MANILA – The United States on Thursday (Nov 15) formally returned three church bells seized as war trophies from the Philippines following one of the worst defeats of American soldiers more than a century ago.

The bells were taken after 48 US soldiers were killed during a surprise attack on Sept 28, 1901, in Balangiga town, in the central island province of Samar, during the Philippine-American war from 1899 to 1902.

As recorded by historians, hundreds of men from Balangiga, some dressed at women, hid inside caskets. They then launched their attack on more than 70 soldiers of the 9th US infantry regiment who were having breakfast or reading their mail.

The attackers used large knives.

Resentment had been brewing in Balangiga after US troops stationed there cut food and other supplies, and conscripted or detained many of the town’s men, as part of a campaign to end resistance to the US occupation of the Philippines.

Only four US soldiers managed to flee unharmed.

It was the worst defeat for US soldiers since the Battle of Little Bighorn in 1876 in the US, also known as Custer’s Last Stand.

In Balangiga, historians say one or more of the church bells were rung to signal the attack.

US forces took the bells after a brutal counter-attack that killed between 2,000 and 10,000 Filipinos, mostly non-combatants.

Brigadier-General Jacob Smith, tasked to pacify Samar, was quoted by historians as ordering his men: “I want no prisoners.

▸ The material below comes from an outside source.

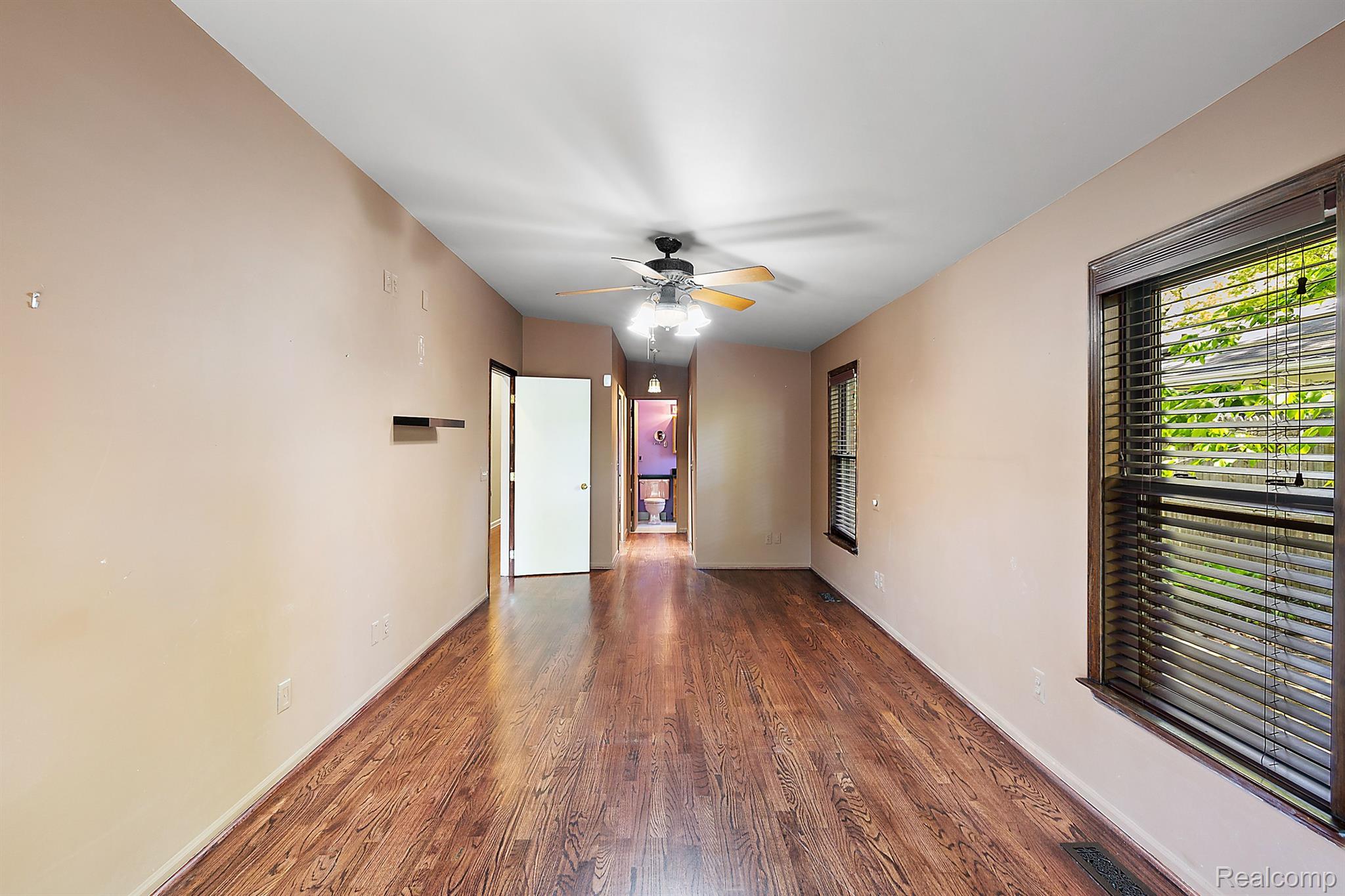 1411 W FARNUM Avenue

I wish you to kill and burn. The more you kill and burn, the better it will please me. The interior of Samar must be made a howling wilderness.”

Whole villages were systematically burned, crops were destroyed, and farm animals were slaughtered.

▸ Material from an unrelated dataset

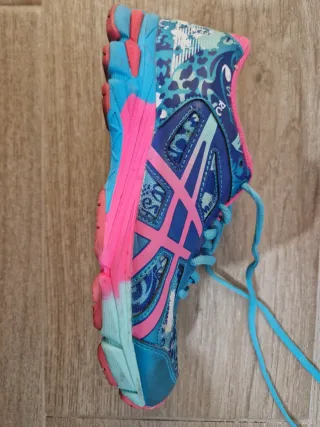 Zapatillas deportivas ASICS niña azul y rosa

Two of the three bells taken from Balangiga were later shipped to the F.E. Warren Air Force Base in Wyoming. The third bell is at a US Army museum in South Korea.

US Defence Secretary Jim Mattis, speaking at a ceremony at the F.E. Warren Air Force Base in Wyoming attended by the Philippine ambassador to the US, said the bells’ return to the Philippines would “smooth the bonds that were tested but never broken by war”.

“Bear these bells home back to their Catholic Church confident that America’s ironclad alliance with the Philippines is stronger than ever,” he said.

In Manila, the Philippines’ foreign affairs department cheered the move.

“Today is a time of solemn remembrance as we pay tribute to all those who gave up their lives during the Filipino-American War,” it said.

The bells in Wyoming will be restored and handed over to the Philippines as early as December, said Mr Joe Felter, the US deputy assistant secretary of defence for South and South-east Asia.

The third bell in South Korea has already been placed inside a crate, according to the Philippine National Commission for Culture and the Arts.

The Philippines has been asking for the return of the bells since 1958.

Former president Fidel Ramos, a West Point alumnus, raised the issue with his counterpart Bill Clinton. But negotiations stalled over what was then seen as conflicts with US military laws.

President Rodrigo Duterte again asked the US to return the bells last year, calling them “reminders of the gallantry and heroism of our forebears who resisted the American colonisers and sacrificed their lives in the process”.

Despite decades of close ties between the two countries and a tight military alliance, the US’ refusal to return the bells has long been a bone of contention.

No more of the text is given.